Relato · Clássicas / Monumentos · 2019
Il Lombardia
A Clássica das folhas mortas — o 5.º e último Monumento · 13 de outubro de 2019
O quinto e último Monumento foi o Giro di Lombardia — la classica delle foglie morte, que se corre no outono, quando as árvores da Lombardia se despem. Fi-lo uma semana depois da Eroica: dois fins de semana italianos seguidos, a fechar em grande a coleção.
A manhã nasceu fresca, e arranquei de Cantù com um buff e uns armwarmers emprestados, no meio de muita gente e com mais de dez minutos de atraso sobre a hora prevista. Cedo veio a primeira imagem que não esqueço: quatro picos a sobressair da bruma, um postal a valer só por si. Aqueci primeiro, depois parti pernas até ao Muro di Sormano, num traçado bem rolante — e aqui uma nota que só quem fez a Eroica na semana anterior entende: depois de uma prova inteira de bicicleta clássica no sterrato, a lutar com as mudanças no quadro (ou com a falta delas), voltar a uma transmissão normal e de gama larga foi um luxo.

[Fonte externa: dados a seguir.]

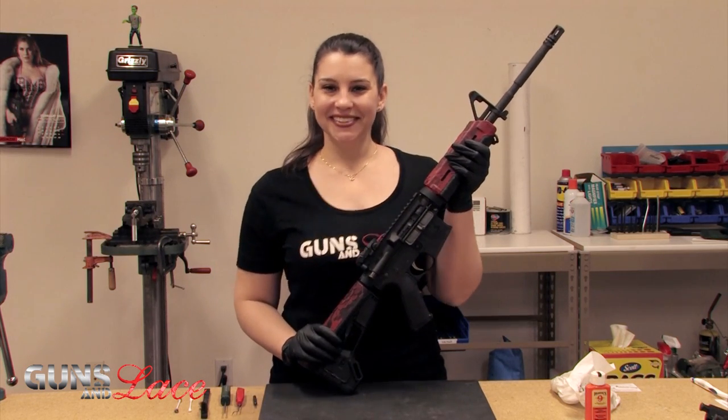And I didn't even break a nail! From the Bench, this is Jessica at Guns and Lace. For more videos in the From the Bench series, follow us on YouTube — click subscribe or like below. For more information, visit us at GunsAndLace.com. We'll see you next time.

A subida ao Sormano começa a sério depois de uma igreja à esquerda, e ataquei-a a bom ritmo. Dura, com uma paragem por pé chão de uma cortina de gente, a subida soube-me pela vida: sempre com tração, com calma para não ir ao redline, e de pé só nos metros finais para descansar as pernas. Lá no alto, o observatório astronómico do Sormano.
Uma coisa ou outra no abastecimento, o colete vestido de novo, e atirei-me à descida — longuíssima. Ao contrário do que costumo fazer, não apertei: estava tudo muito húmido e decidi não arriscar. E foi então que a paisagem fez jus ao nome da prova — as folhas caídas, a luz baixa, tudo lindíssimo, ao longo do lago de Como.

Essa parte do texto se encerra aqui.